650 policjantów, setki ochroniarzy i helikopter - takie siły przygotowano na "świętą wojnę" w Krakowie. Na boisku spotkają się piłkarze Wisły i Cracovii, a służby nie zamierzają dopuścić, by poza nim spotkali się kibice obu drużyn. Na mecz wybiera się rekordowa liczba kibiców - przy Reymonta zbierze się ich około 25 tysięcy.

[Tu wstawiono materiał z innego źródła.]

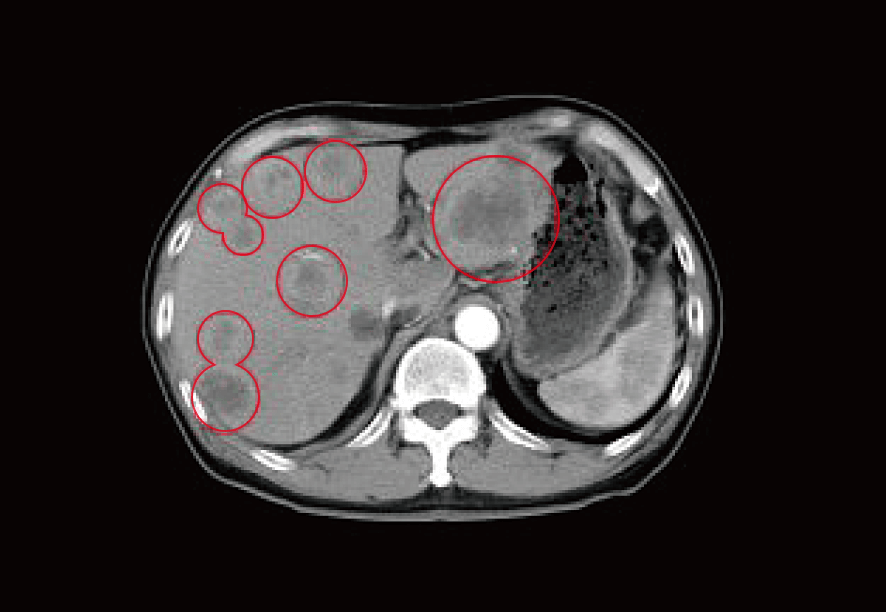 すい臓がん 治療前のCTの所見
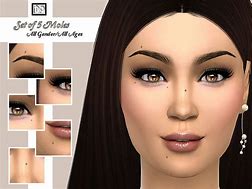 Image result for Nevus Sims 4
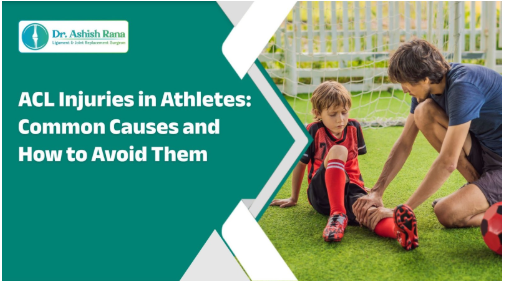 ACL Injuries in Athletes: Common Causes and How to Avoid Them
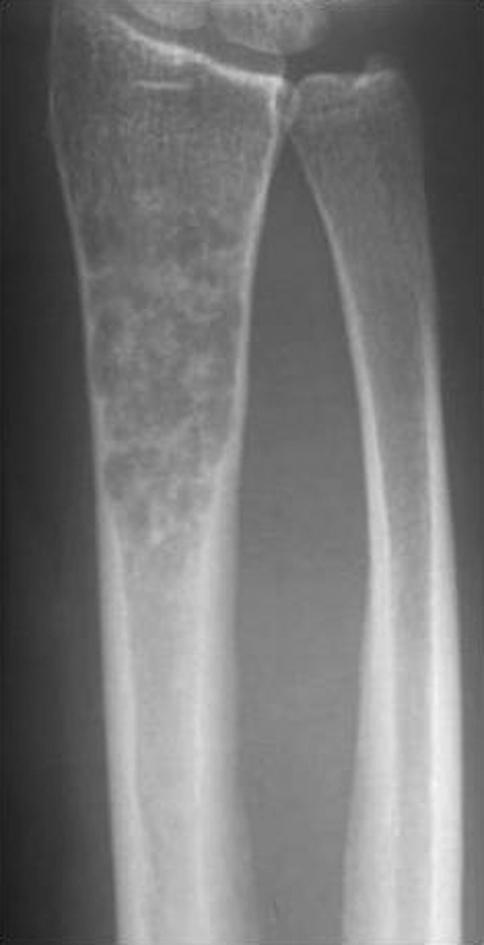 Radyoizotop kemik sintigrafisi, BT ve MR görüntüleme, konvansiyonel radyografilerin normal göründüğü hastalarda kemik lezyonlarını erken dönemde gösterebilir.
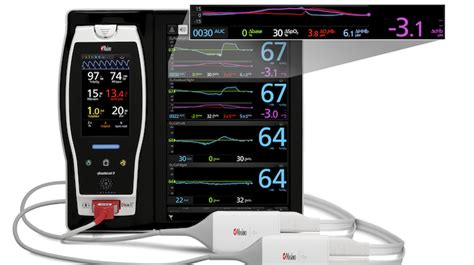 Fda Clears Respiration Rate Measurement For Masimos Home Finger Pulse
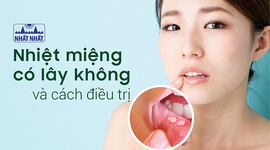 Nhiệt miệng có lây không và cách nào giúp vết loét nhanh lành?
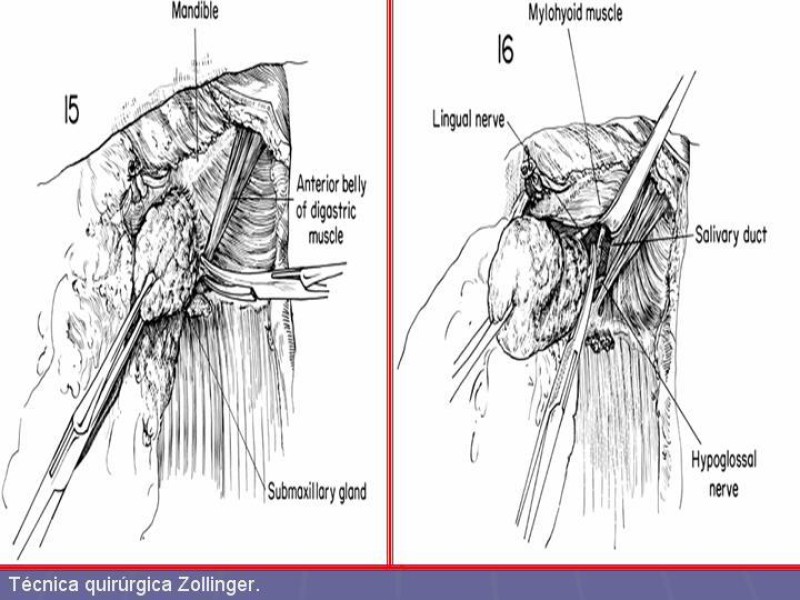 Diapositiva 33 de Disección Cervical Pt. 2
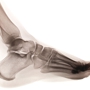 Bethlehem Podiatry: Fallon-Kline Foot and Ankle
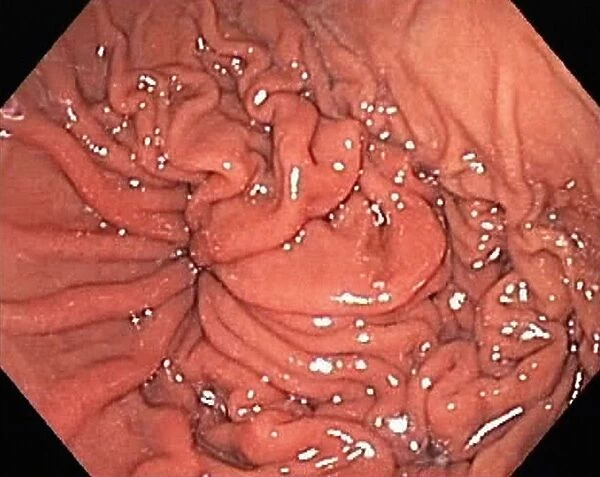 Hiatal hernia, endoscopic view C016  /  8329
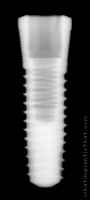 Radiograph of Endure Fixture CP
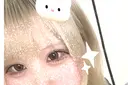ヒアルロン酸注入（目の下） 宇都宮ひふ科形成外科 AFTER サムネイル用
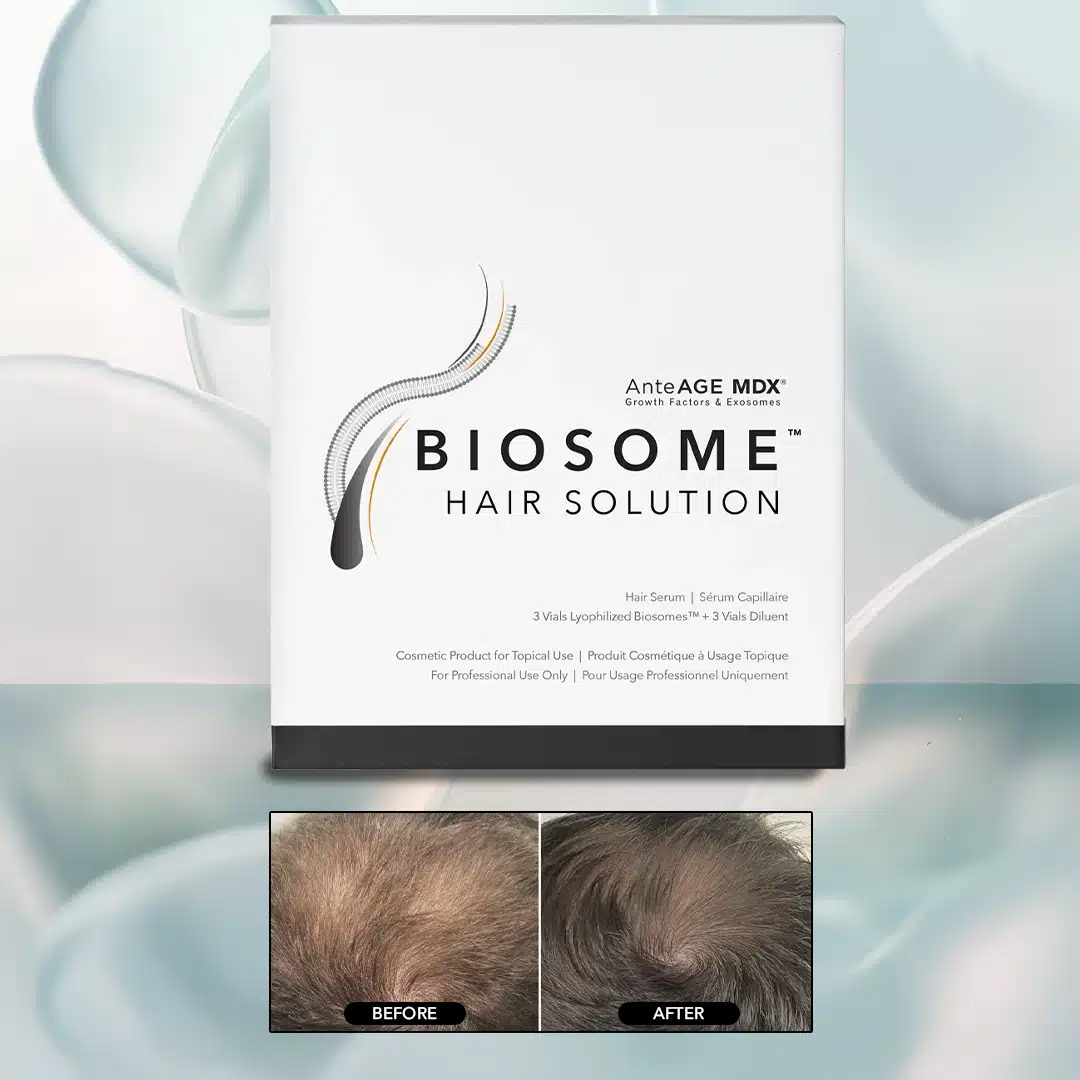 Biosomes Hair Solution Box Image (w B&A)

Zdaniem policji, niebezpiecznie może być przed samym meczem i po jego zakończeniu. Wtedy to najczęściej małe grupki pseudokibiców prowokują, szukając zaczepki. W nocy lepiej nie wychodzić samotnie na osiedla w Podgórzu i Nowej Hucie - bo tam najwięcej jest bojówek związanych z Wisłą lub Cracovią.

Oczywiście policjanci na osiedlach będą. To są oddziały prewencji, a także policjanci kryminalni zajmujący się subkulturą stadionową i ścigający pseudokibiców - zapowiada inspektor Dariusz Nowak z małopolskiej policji. Jak dodaje, najbezpieczniej powinno być na… stadionie. Kibice Wisły i Cracovii będą od siebie odizolowani, ich zachowania rejestrować będą kamery, a w razie zagrożenia do akcji wkroczą ochrona i policja.

Mecz zobaczy cały świat

Spotkanie Wisły z Cracovią może obejrzeć nawet kilkadziesiąt milionów ludzi na całym świecie. Mecz będzie transmitowany na żywo za pośrednictwem telewizji i internetu w kilkudziesięciu krajach. Rywalizację piłkarzy "Białej Gwiazdy" i "Pasów" będzie można oglądać dzięki stacji Eurosport 2, dostępnej w 22 krajach Europy - m.in. w Albanii, Bośni i Hercegowinie, Bułgarii, Chorwacji, Danii, Norwegii, Szwecji czy Finlandii. Poza tym Wielkie Derby Krakowa obejrzą mieszkańcy Niemiec i Austrii (dzięki transmisji na sportdigital), Izraela (Sport 5) i Cypru (platforma Cytavision). Dodatkowo transmisję internetową z meczu będzie można śledzić w kilkunastu krajach na świecie na stronie.

To zdecydowanie największy zasięg ligowego meczu Wisły w rundzie wiosennej obecnego sezonu.